━━━━━ Dataset extract

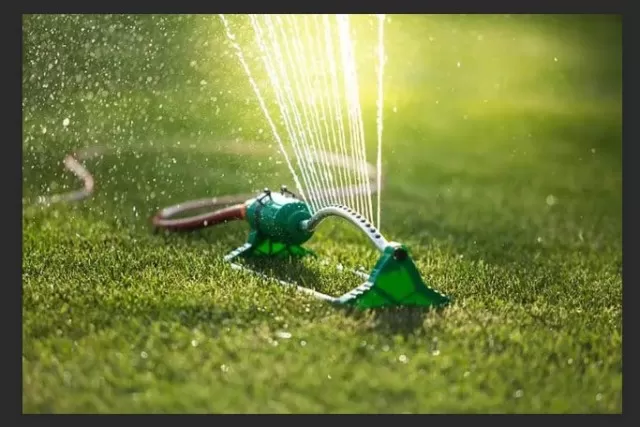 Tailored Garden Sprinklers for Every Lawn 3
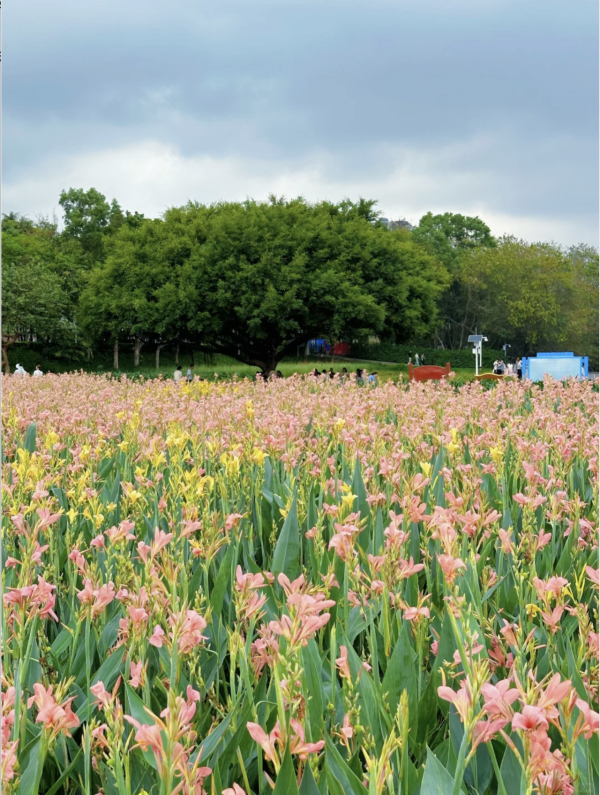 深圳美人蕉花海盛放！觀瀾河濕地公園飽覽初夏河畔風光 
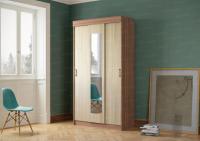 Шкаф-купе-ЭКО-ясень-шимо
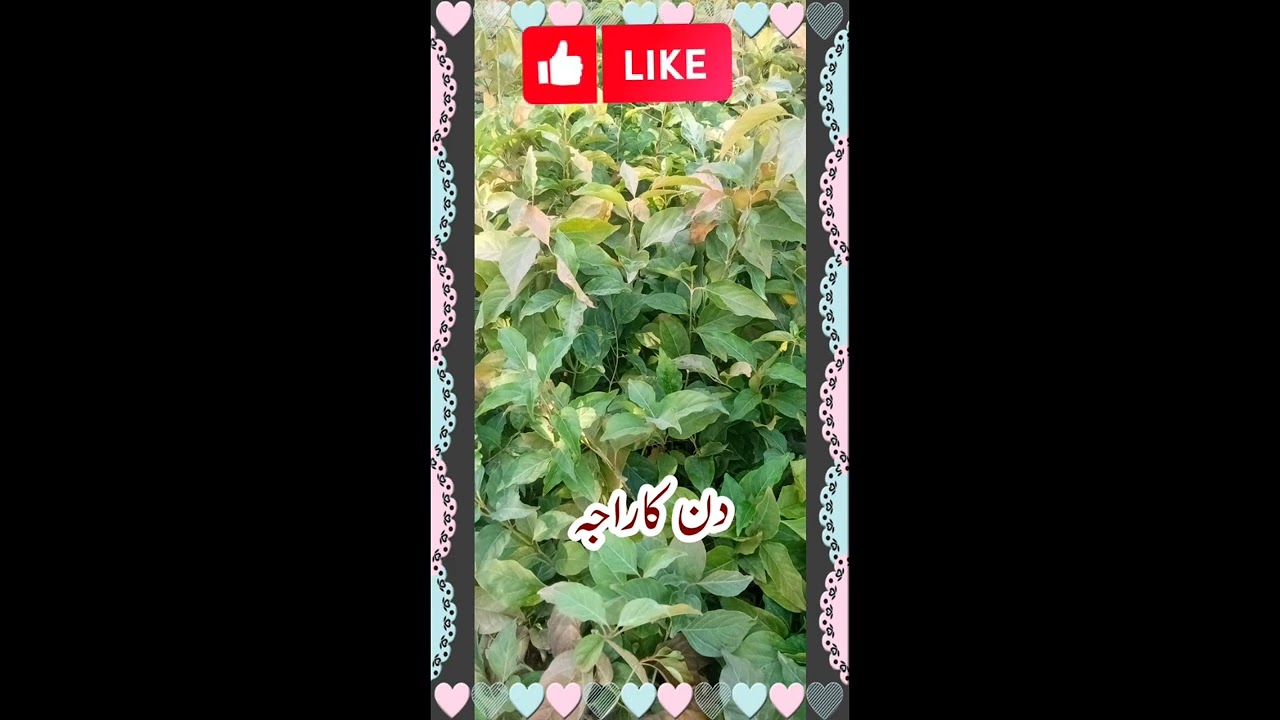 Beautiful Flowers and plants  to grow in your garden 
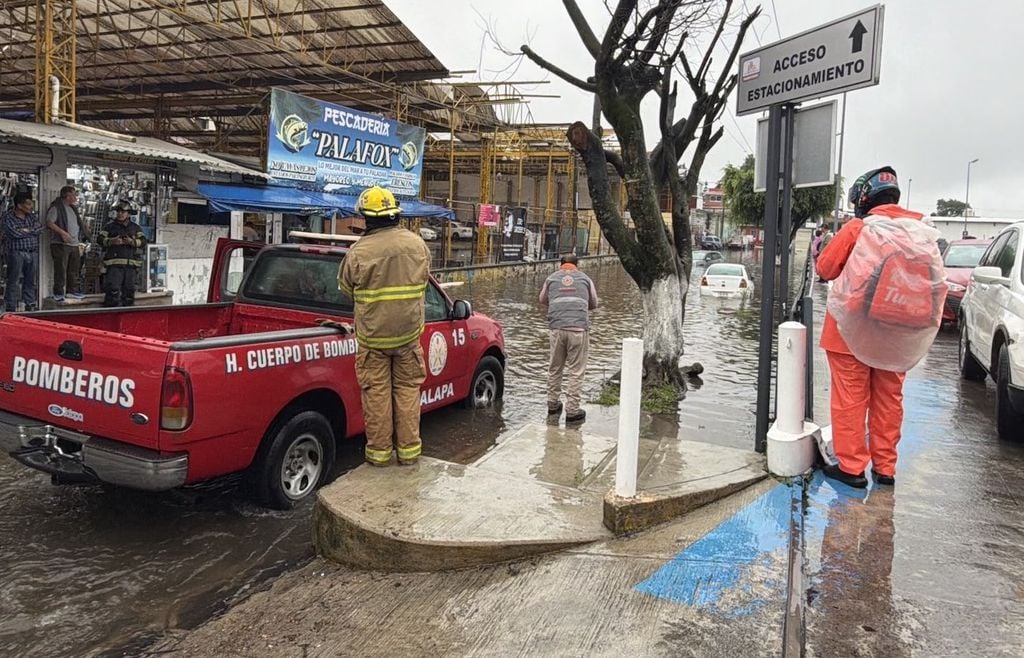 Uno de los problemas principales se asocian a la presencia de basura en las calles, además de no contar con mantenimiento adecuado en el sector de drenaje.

━━━━━━━━━━

Required work:
Please repeat the records above word for word, and do not include the pictures.

Result for this exercise:
 Tailored Garden Sprinklers for Every Lawn 3
 深圳美人蕉花海盛放！觀瀾河濕地公園飽覽初夏河畔風光 
 Шкаф-купе-ЭКО-ясень-шимо
 Beautiful Flowers and plants  to grow in your garden 
 Uno de los problemas principales se asocian a la presencia de basura en las calles, además de no contar con mantenimiento adecuado en el sector de drenaje.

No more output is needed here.